Here are the basics of what you’ll want to pack for your next (or first) Katy Trail tour. We left out personal care items--shampoo, soap, deodorant--because those go without saying. At least we think they do. If you want to go all Revenant on the trail, we don’t want any part in it.
In no particular order, here is your checklist for the Katy Trail:
- Pump or CO2 inflator - Forget this and you could be stuck out on the trail with nothing but your feet to get you back.
- Tube(s) - Bring at least 2 or carry a patch kit and know how to use it. Flats do happen on the Katy. Bikes equipped with quality tires can make the difference between an easy 25 miles to the next winery or hoping the Sonic is open late because you spent too much time repairing inner tubes on the trail.
- Water - Fill up every chance especially during those really hot days in August. Carry two water bottles. Hydration packs are great but add weight on your bum.
- Food - One of our favorite packable snacks are Kate’s Real Food Energy Bars . Other good ideas are apples, bananas, oranges, cheese, peanut butter balls (from the Bike Stop Cafe, of course), and energy gels.
- Bug repellent - Nothing is worse than being eaten alive by mosquitoes.
- Smart phone with solar charger or extra power source - Of course, you can go old-school and disconnect from the world. If that’s not your plan, we recommend a solar charger for your cell phone or external battery pack so you don’t lose touch.

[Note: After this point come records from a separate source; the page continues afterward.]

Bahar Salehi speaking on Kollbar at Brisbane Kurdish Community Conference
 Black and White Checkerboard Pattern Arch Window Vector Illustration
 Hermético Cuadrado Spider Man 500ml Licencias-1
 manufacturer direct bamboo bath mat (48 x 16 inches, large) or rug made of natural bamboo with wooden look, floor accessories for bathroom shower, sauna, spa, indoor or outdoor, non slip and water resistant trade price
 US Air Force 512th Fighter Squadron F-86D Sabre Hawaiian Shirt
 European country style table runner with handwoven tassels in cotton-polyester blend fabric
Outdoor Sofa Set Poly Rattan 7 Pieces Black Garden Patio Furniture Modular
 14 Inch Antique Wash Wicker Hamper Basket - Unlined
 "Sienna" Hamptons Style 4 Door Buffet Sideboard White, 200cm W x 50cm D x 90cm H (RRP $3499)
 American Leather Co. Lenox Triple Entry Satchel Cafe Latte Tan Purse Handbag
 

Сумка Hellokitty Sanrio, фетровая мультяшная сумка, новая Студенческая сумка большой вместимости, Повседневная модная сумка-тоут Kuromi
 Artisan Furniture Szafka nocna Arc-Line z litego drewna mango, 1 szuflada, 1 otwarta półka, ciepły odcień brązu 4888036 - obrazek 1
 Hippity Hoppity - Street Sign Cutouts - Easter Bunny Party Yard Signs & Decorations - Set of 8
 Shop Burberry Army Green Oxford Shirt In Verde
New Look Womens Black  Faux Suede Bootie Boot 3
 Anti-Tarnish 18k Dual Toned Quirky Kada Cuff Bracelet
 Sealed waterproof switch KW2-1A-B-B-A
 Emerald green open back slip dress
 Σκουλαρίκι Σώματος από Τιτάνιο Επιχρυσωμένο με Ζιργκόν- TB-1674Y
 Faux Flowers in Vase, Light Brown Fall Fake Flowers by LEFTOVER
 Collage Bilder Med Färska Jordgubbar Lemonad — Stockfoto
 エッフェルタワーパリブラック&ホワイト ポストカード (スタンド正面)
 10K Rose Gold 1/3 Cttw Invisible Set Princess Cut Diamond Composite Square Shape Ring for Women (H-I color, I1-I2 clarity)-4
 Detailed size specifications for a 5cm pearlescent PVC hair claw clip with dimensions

- Sunscreen/Chapstick - Not sure what’s worse--being burnt to a crisp in the sun or being eaten alive by bugs? We don’t recommend finding out, so make sure to pack your sunscreen in addition to bug repellant.
- Multi tool - You’ll be ready to McGuyver your way out of any situation with this trusty tool.
- Chain lube - Keep everything working smoothly.
- Change of clothes - You never know when a dry ride can turn into a soggy one. If you don’t know what happens when you ride in wet shorts for too long, you don’t want to find out. Just trust us on this one.
- Chamios butter - If you’re not used to multi-day tours, you will definitely want to pick up some of this stuff. Basically, it keeps your bum from getting, um, roughed up by the seat and your cycling shorts.
Always remember to pack as light as possible. Avoid carrying a backpacks and carrying anything heavy on your body. Low, frame mounted packs are great for carrying your snacks, phone and keys.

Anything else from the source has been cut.